● Exercise data
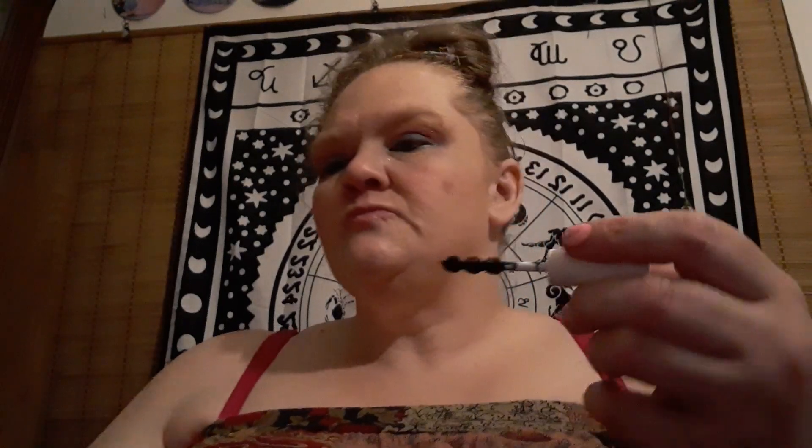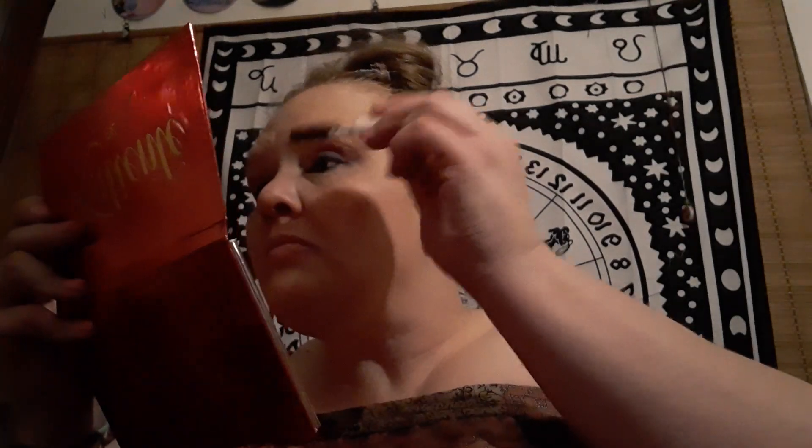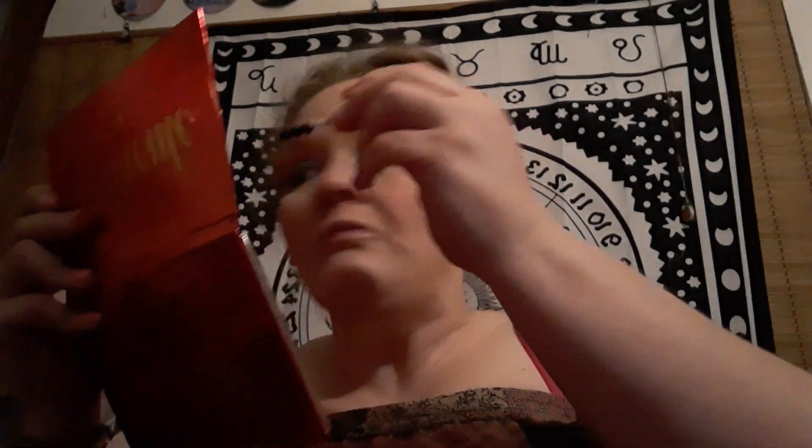I'm going to use my Malani eyeliner — I'm using black. I don't have very many eyeliners at all; I have this one, a blue one, and a brown one. This is the only one that really works. And now I'm going to put the mascara on. It's always hard for me to do my left eye — it's not as easy as the right.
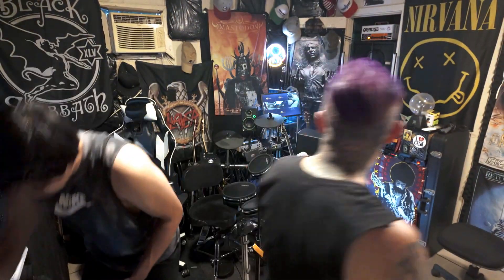Time for band practice — the struggle is real. No booty, no fan, no sound quality.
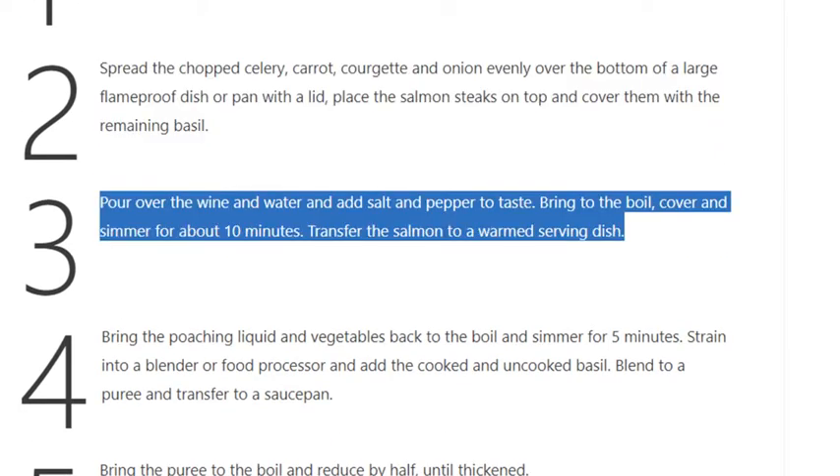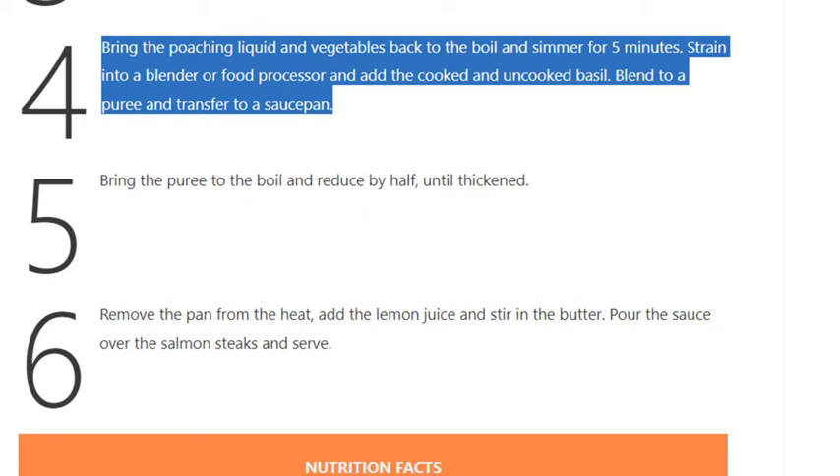Step 3: Pour over the wine and water, add salt and pepper to taste. Bring to the boil, cover, and simmer for about 10 minutes. Transfer the salmon to a warm serving dish. Step 4: Bring the poaching liquid and vegetables back to the boil and simmer for 5 minutes. Strain into a blender or food processor and add the cooked and uncooked basil.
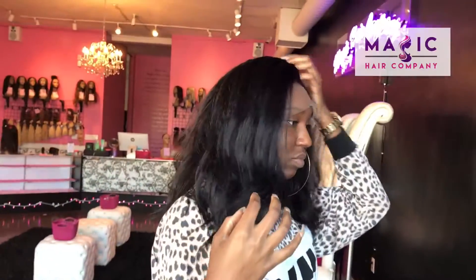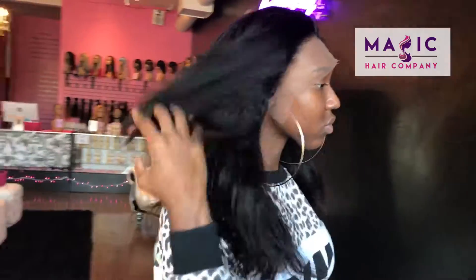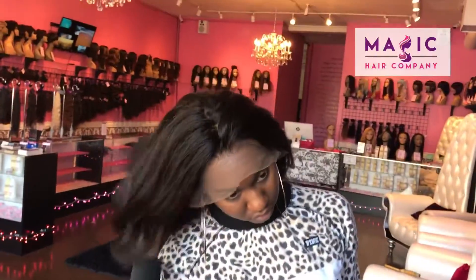This unit is perfect if you want a natural texture and you still want to do a lot of styling with this unit. This unit is available in store right now and online at magichaircompany.com.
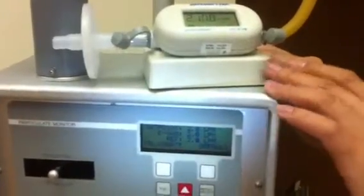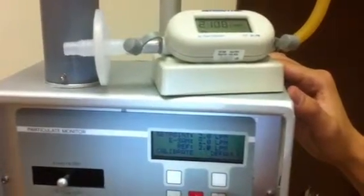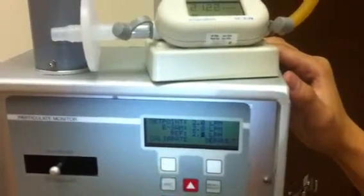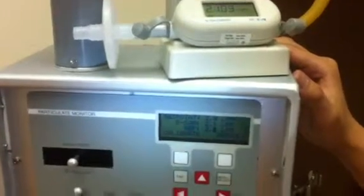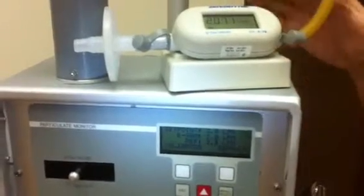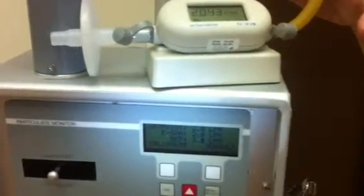Now we can see the calibrator is showing 2.1 liter per minute. So now we come to the e-sample. We set to 2.1 liter per minute in the reference. Then we press calibrate. And we can see that the flow meter is showing the reading going down nearly to 2 liter per minute.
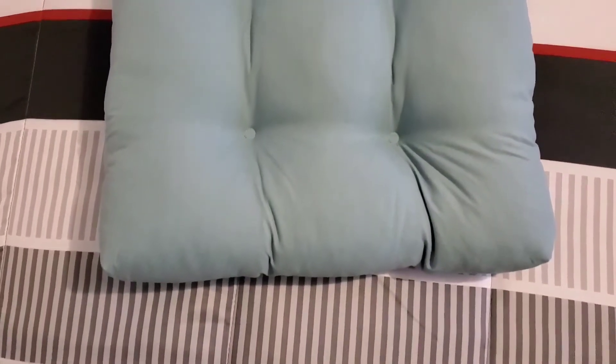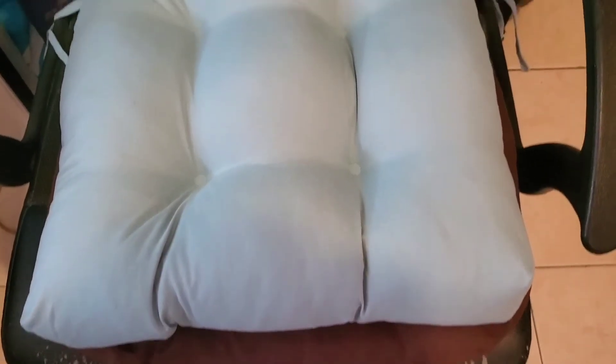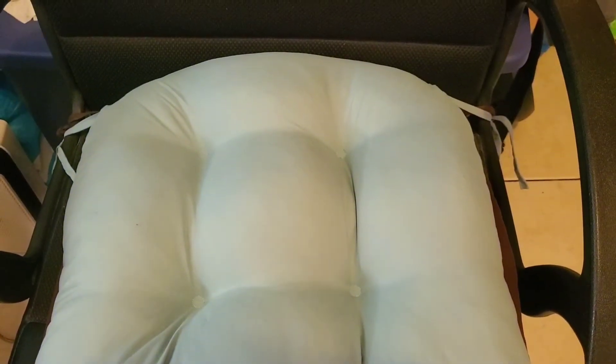Here it is. I tied the cushion onto my chair — this is what it looks like.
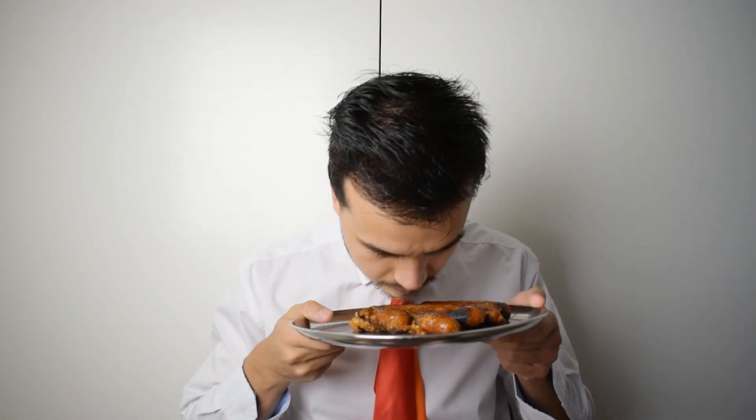I cooked them up. They do smell pretty good, so let's try some.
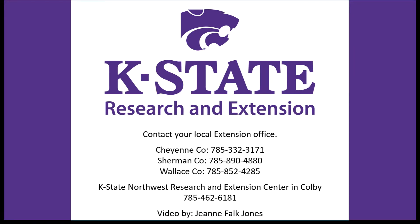If you have any questions, please contact your local Extension offices, or to get a hold of me, Jeannie Falk-Jones, call the Extension offices in Goodland, St. Francis, and Sharon Springs, or contact the K-State Experiment Station in Colby.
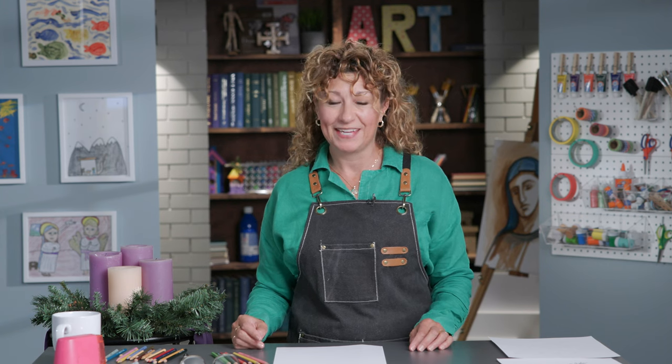Hello and welcome to Drawing Closer to God. My name is Miss Kim, and I'm so happy that you've joined me today to make some beautiful drawings for this very special time at Advent. This is a time that we prepare our hearts for the coming of our Lord and Savior, Jesus Christ. And we are getting closer to Christmas.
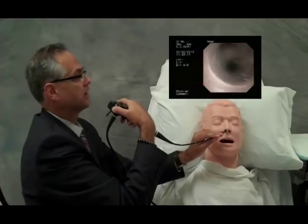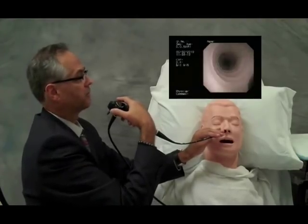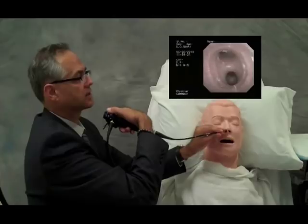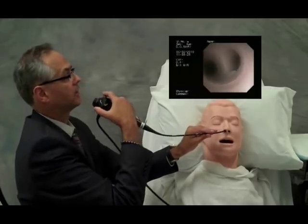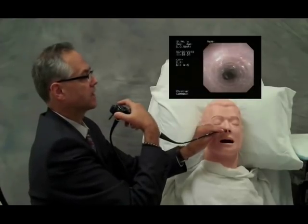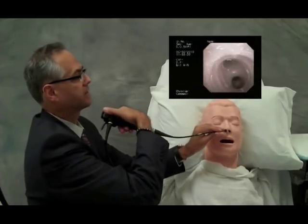We rotate the wrist and move the bronchoscope down to the takeoff of the right upper lobe. Coming back to the carina, we now navigate the scope down the left main bronchus, again to the takeoff of the left upper lobe. Once more, rotating at the wrist — right side, left side.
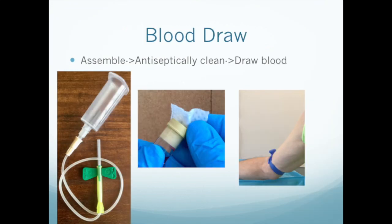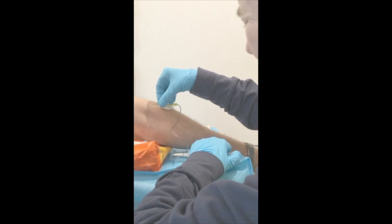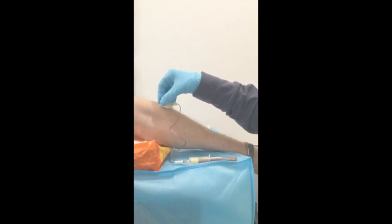Now for the blood draw. First, assemble the butterfly needle and vacutainer hub by screwing them together. Then antiseptically clean both the patient's skin and the cap of the ACDA tubes. In a normal blood draw, we wouldn't worry much about this since it would be going to the lab, but this blood is eventually going back into the patient, so we need to be extra cautious to avoid contamination. Apply the tourniquet, proceed with the venipuncture, and draw as many tubes as needed. You can expect about 1 milliliter of PRP for each tube.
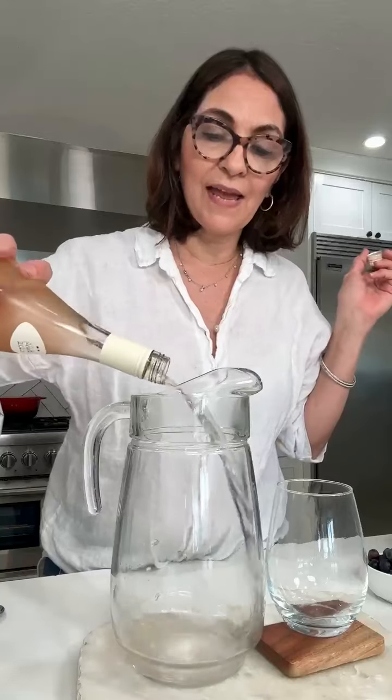Apples, Hugo's spritz, desserts — you name it. So let's get started. It's really simple. All I'm going to do is add a whole bottle of rosé into a pitcher.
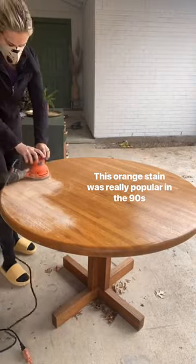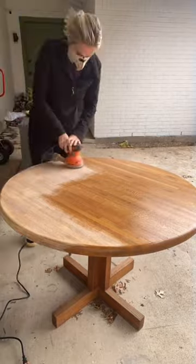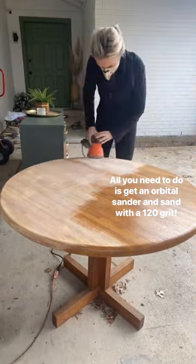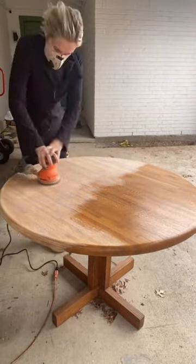This orange stain was really popular in the 90s — we probably all grew up with at least one piece of furniture that looked like this. All you need to do is get an orbital sander from a store or from Amazon and put on 120 sandpaper. Slowly remove it — this took about an hour to do the whole table.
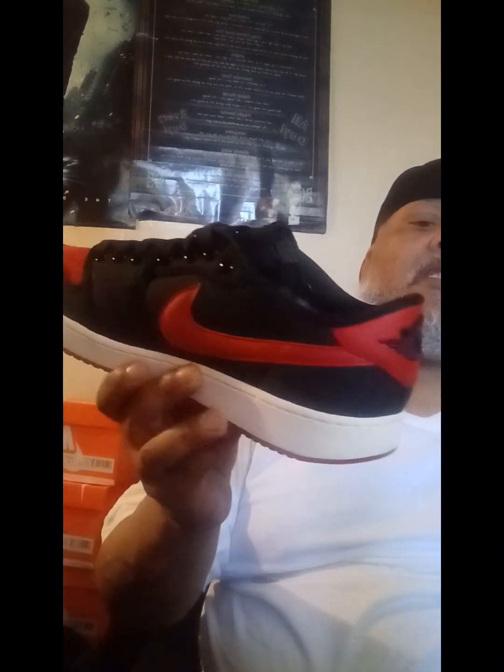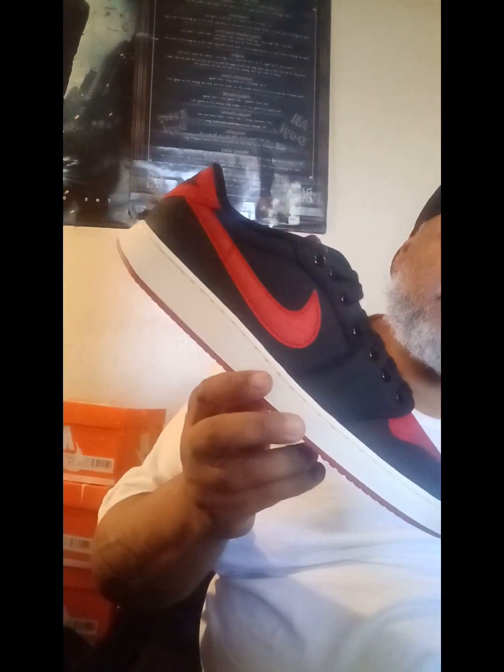Same thing, just black. I am trying to get the smoke gray — it's basically color blocking, like this with the black, and all the hits like the toe box and the swoosh are going to be in smoke gray. But yeah, these just came in today.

● Task item
Quote exactly, and nothing besides, the lines from the one with "Apples, Hugo's spritz, desserts" through the end of the records above; include both ends and omit the pictures.

● Finished task
Apples, Hugo's spritz, desserts — you name it. So let's get started. It's really simple. All I'm going to do is add a whole bottle of rosé into a pitcher.
This orange stain was really popular in the 90s — we probably all grew up with at least one piece of furniture that looked like this. All you need to do is get an orbital sander from a store or from Amazon and put on 120 sandpaper. Slowly remove it — this took about an hour to do the whole table.
Same thing, just black. I am trying to get the smoke gray — it's basically color blocking, like this with the black, and all the hits like the toe box and the swoosh are going to be in smoke gray. But yeah, these just came in today.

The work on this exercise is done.